▶ [EXERCISE DETAILS]: With the pictures left out, copy the listing below exactly.

(SUPPLIED MATERIAL)

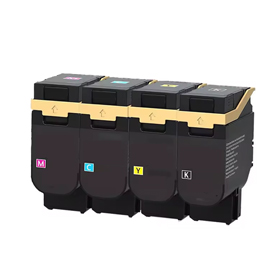 Toner cartridge 006R04685 006R04686 006R04687 006R04688 for Xerox C410 C415 TOHITA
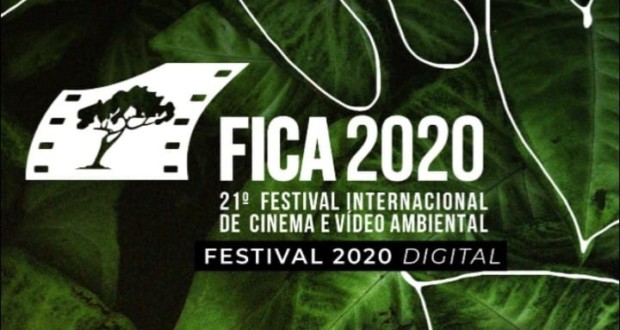 21ª edição do FICA – Festival Internacional de Cinema Ambiental. Divulgação.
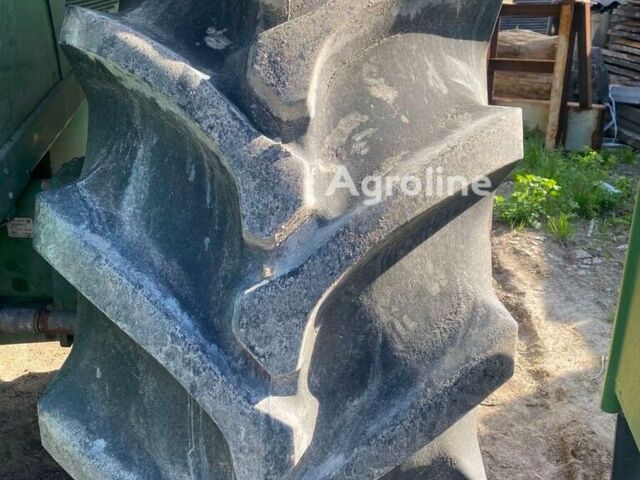 Джон Дір СТС, об'ємом двигуна 0 л та пробігом 0 тис. км за 80248 $, фото 14 на Automoto.ua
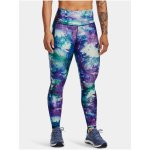 Under Armour ARMOUR LEGGING W fialové 1374530-577 – Zboží Mobilmania
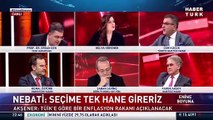 Türkiye'yi Avrupa'yla kıyaslayan Cem Küçük'e Ersan Şen: Hayatı yalan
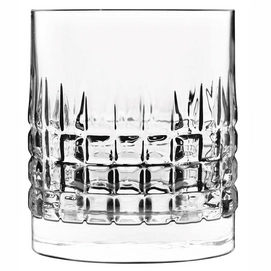 Whiskey Glass Luigi Bormioli Mixology Charme Low 380 ml (6 pc)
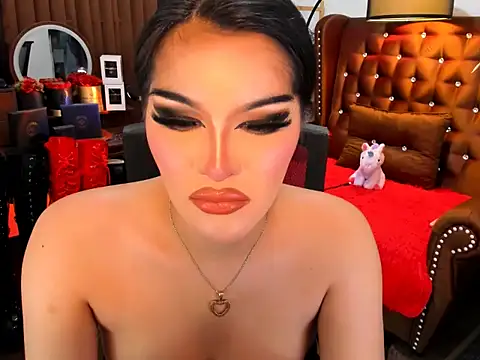 DevoritaGarcia webcam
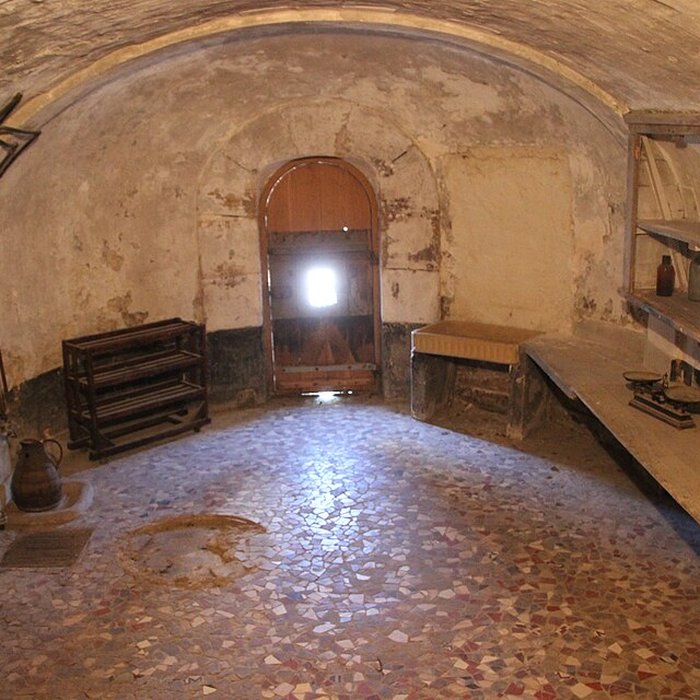 Photo de Prison de Pont-lÉvêque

(End SUPPLIED MATERIAL)

▶ [COMPLETED EXERCISE]:
 Toner cartridge 006R04685 006R04686 006R04687 006R04688 for Xerox C410 C415 TOHITA
 21ª edição do FICA – Festival Internacional de Cinema Ambiental. Divulgação.
 Джон Дір СТС, об'ємом двигуна 0 л та пробігом 0 тис. км за 80248 $, фото 14 на Automoto.ua
 Under Armour ARMOUR LEGGING W fialové 1374530-577 – Zboží Mobilmania
 Türkiye'yi Avrupa'yla kıyaslayan Cem Küçük'e Ersan Şen: Hayatı yalan
 Whiskey Glass Luigi Bormioli Mixology Charme Low 380 ml (6 pc)
 DevoritaGarcia webcam
 Photo de Prison de Pont-lÉvêque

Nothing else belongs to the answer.